***** The data *****
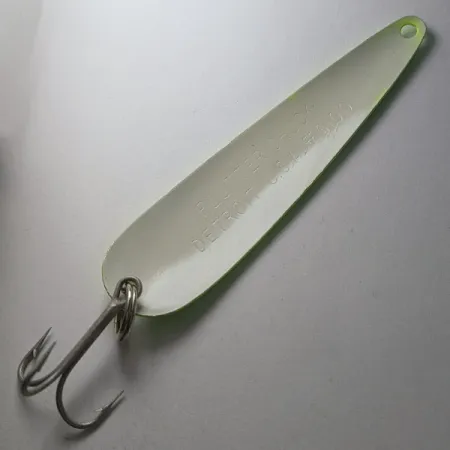 Vintage Eppinger Dardevle Flutter-Chuck, 1/3oz Lectric Lime fishing spoon #23087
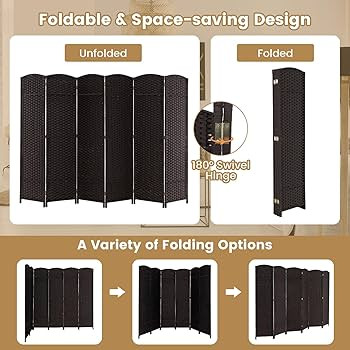 GOFLAME 6 Panel Room Divider, 5.6FT Tall Folding Privacy Screen with Hand-Woven Design & Solid Wo... | Amazon (US)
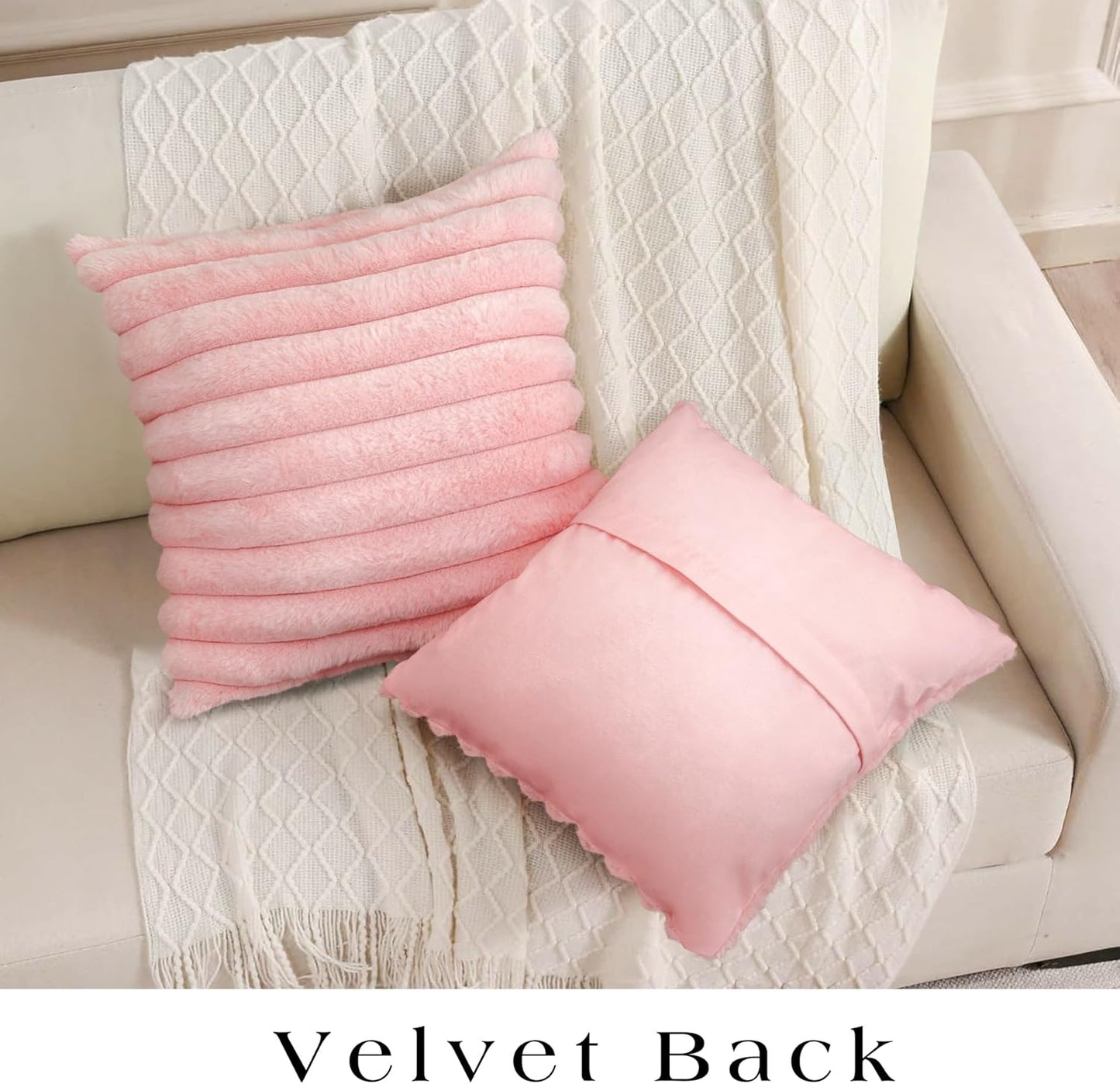 Uhomy Set of 2 Faux Fur Home Decorative Throw Pillow Cover Luxury Super Soft Fuzzy Striped Furry Pillowcase for Sofa Couch Bedroom Comfy Thick Fluffy Plush Cushion Cover 16x16 Inch Light Pink 40x40 cm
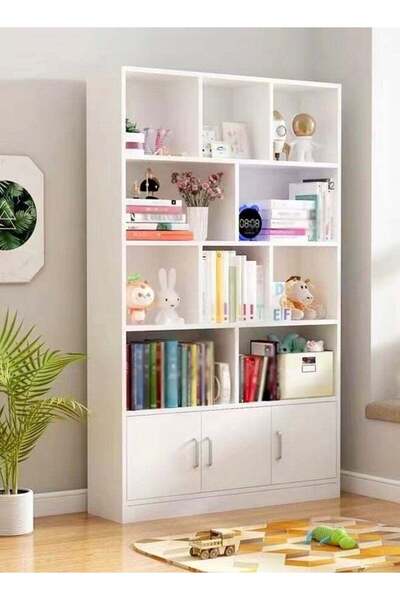 Raffine Modern Multi-Tier Bookshelf with 3 Metal Handle Doors, 100x24x178 cm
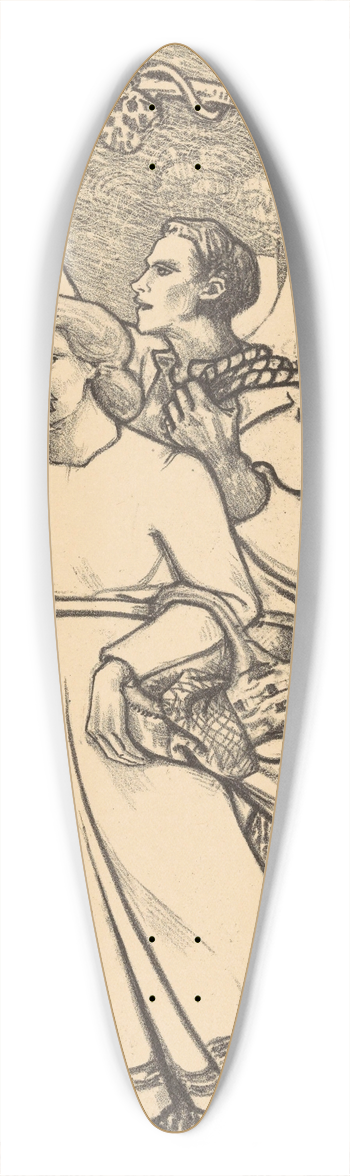 Richard Nicolas Roland Holst - Meisje met een mand en jongen met een touw 39.3 inch art pintail longboard deck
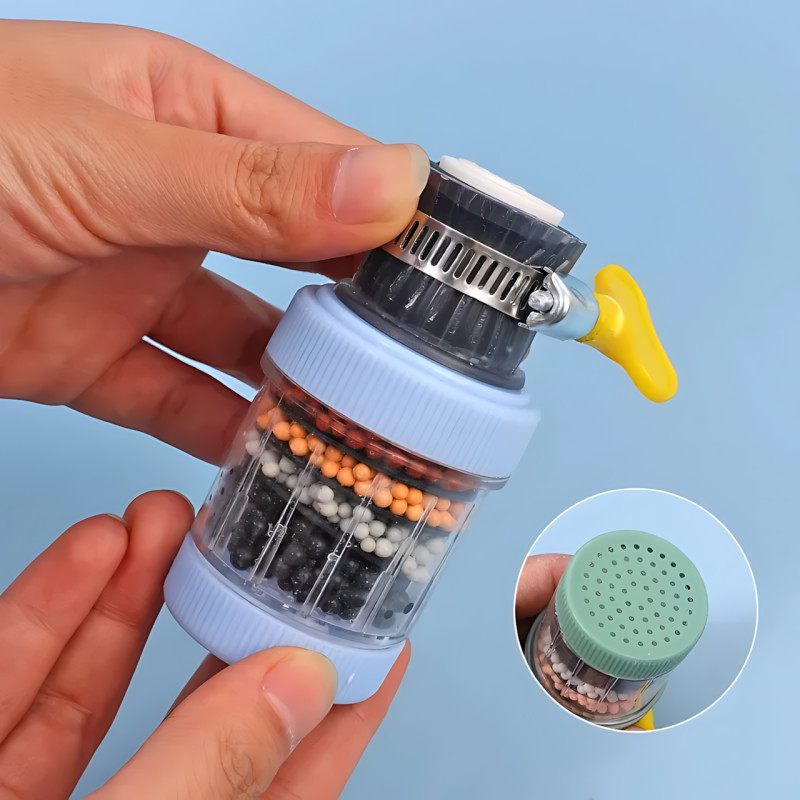 Фільтр-насадка на кран 6-в-1, багаторазова, водоощадна, для гарячої/холодної води, 6-шарового очищення Рожевий фото - 5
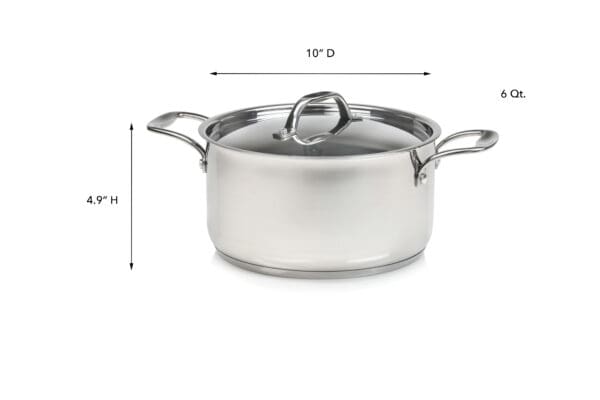 Terra Induction Ready Stainless Steel 6 Qt Pot with Lid - Image 5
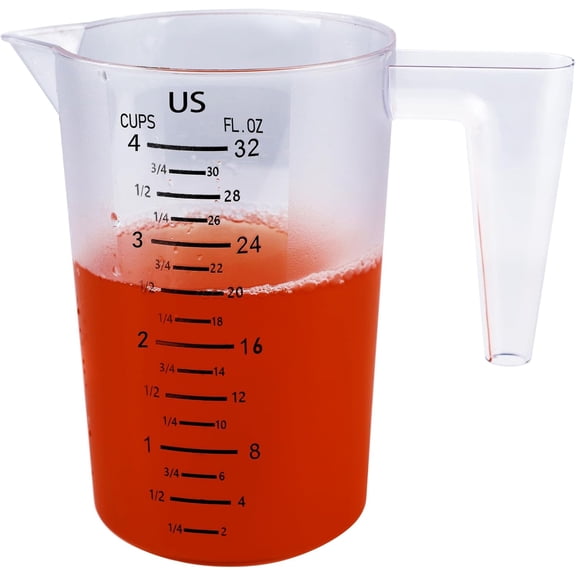 4 Cup/32 Oz Measuring Cups, Clear, Strong Food Grade Liquid Measure Pitcher, for Home Hobbies/Professional Kitchen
*****
**Prompt**. I need the lines from the one containing "Terra Induction Ready" through the end of the records retyped exactly, with the pictures left out.

**Reply**.
 Terra Induction Ready Stainless Steel 6 Qt Pot with Lid - Image 5
 4 Cup/32 Oz Measuring Cups, Clear, Strong Food Grade Liquid Measure Pitcher, for Home Hobbies/Professional Kitchen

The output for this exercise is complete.